TT des parents Ep1 : Et si on utilisait les bons mots ?
Et si on utilisait les bons mots ? Palestine : Histoire et géographie d’un nom – Episode 1
Israël ? Palestine ? Depuis de nombreuses années les médias occidentaux utilisent régulièrement ces mots de façon plus ou moins partisane, mais si on veut y voir clair, il faut être précis sur le langage qu’on emploie. Avant toute chose, le mot « Palestine » désigne au cours de l’histoire une zone géographique, un morceau de terre, comme la « Forêt Noire » ou les « Vosges ». Un bout de terre aux frontières fluctuantes, situé grosso modo entre les limites naturelles que forment la mer Méditerranée à l’ouest, la mer rouge et le désert du Sinaï au sud, le désert d’Arabie à l’est et le plateau du Golan au nord.

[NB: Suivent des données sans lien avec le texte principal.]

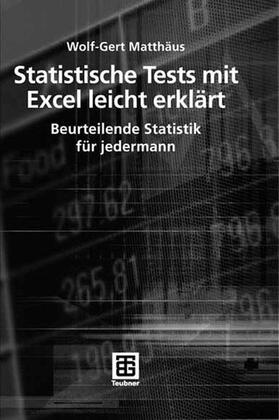 Matthäus | Statistische Tests mit Excel leicht erklärt | E-Book | sack.de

Mais d’où vient-il et comment sa définition et ses frontières ont-elles évolué ?
Pour comprendre cela, il faut remonter à l’âge de Bronze. A cette époque, entre 14ème et 8ème siècles avant notre ère, plusieurs grands empires bataillent constamment dans cette zone : Egyptiens, Babyloniens, Assyriens, Hittites, Ougaritiques, Phéniciens… Pour compliquer encore un peu les choses, les textes des 13ème et 12ème siècles racontent l’arrivée d’envahisseurs venus de la mer, parmi lesquels un peuple que la Torah appelle les « Pelishtim » פְּלִשְׁתִּֽםי) un mot qui apparaît plus de 250 fois dans le texte biblique).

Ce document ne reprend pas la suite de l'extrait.